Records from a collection
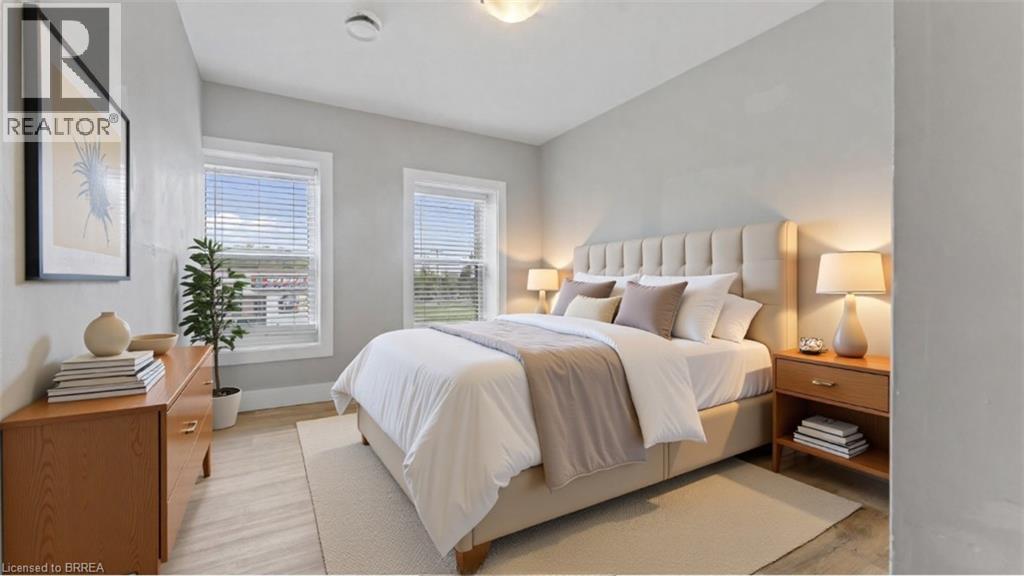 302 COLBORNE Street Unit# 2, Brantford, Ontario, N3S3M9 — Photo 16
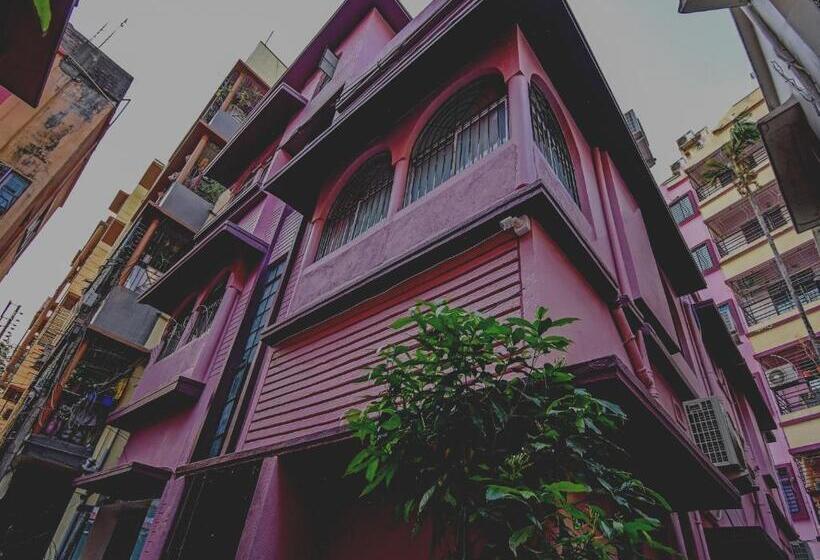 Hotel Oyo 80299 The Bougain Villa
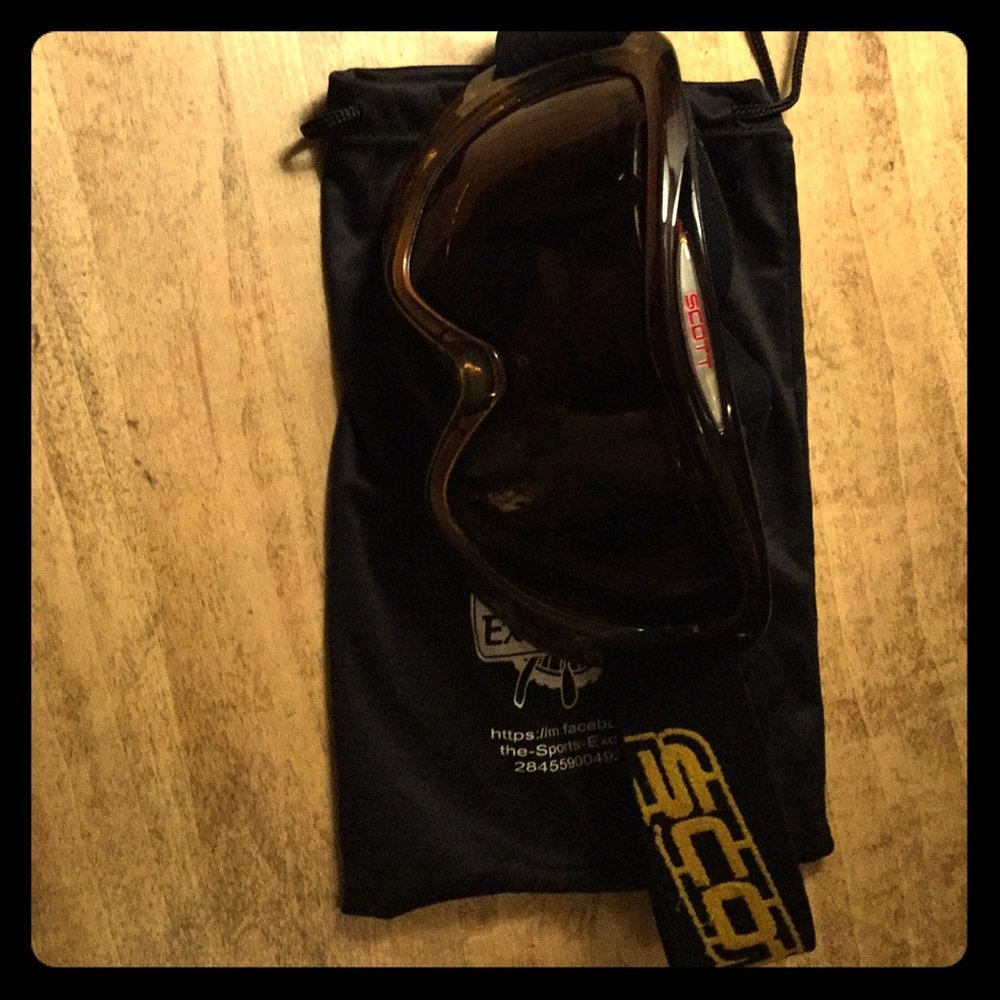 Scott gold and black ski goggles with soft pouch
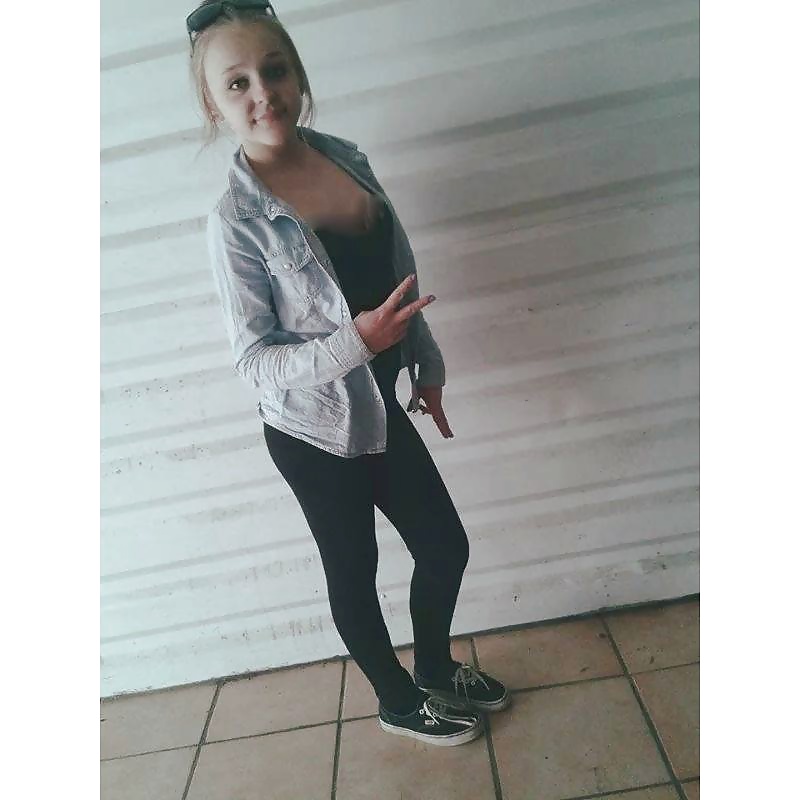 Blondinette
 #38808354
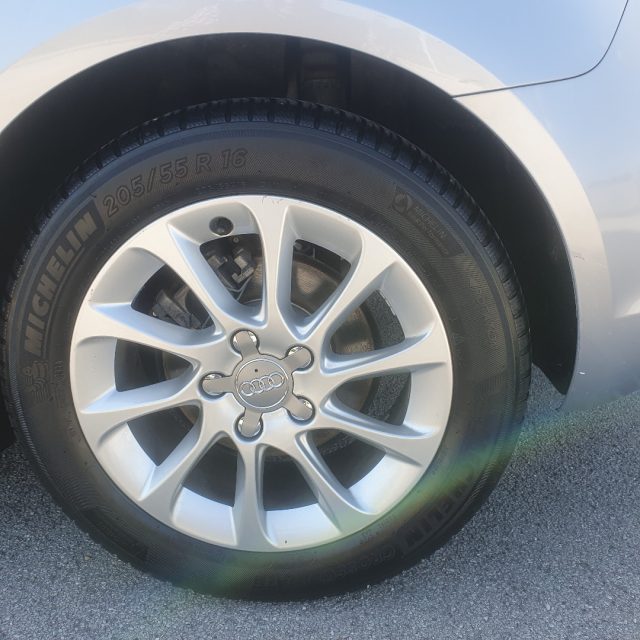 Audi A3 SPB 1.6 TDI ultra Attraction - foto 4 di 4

§ AIM OF THE TASK:
Please copy the records above word for word, omitting every picture.

§ RESULT OF THE EXERCISE:
 302 COLBORNE Street Unit# 2, Brantford, Ontario, N3S3M9 — Photo 16
 Hotel Oyo 80299 The Bougain Villa
 Scott gold and black ski goggles with soft pouch
 Blondinette
 #38808354
 Audi A3 SPB 1.6 TDI ultra Attraction - foto 4 di 4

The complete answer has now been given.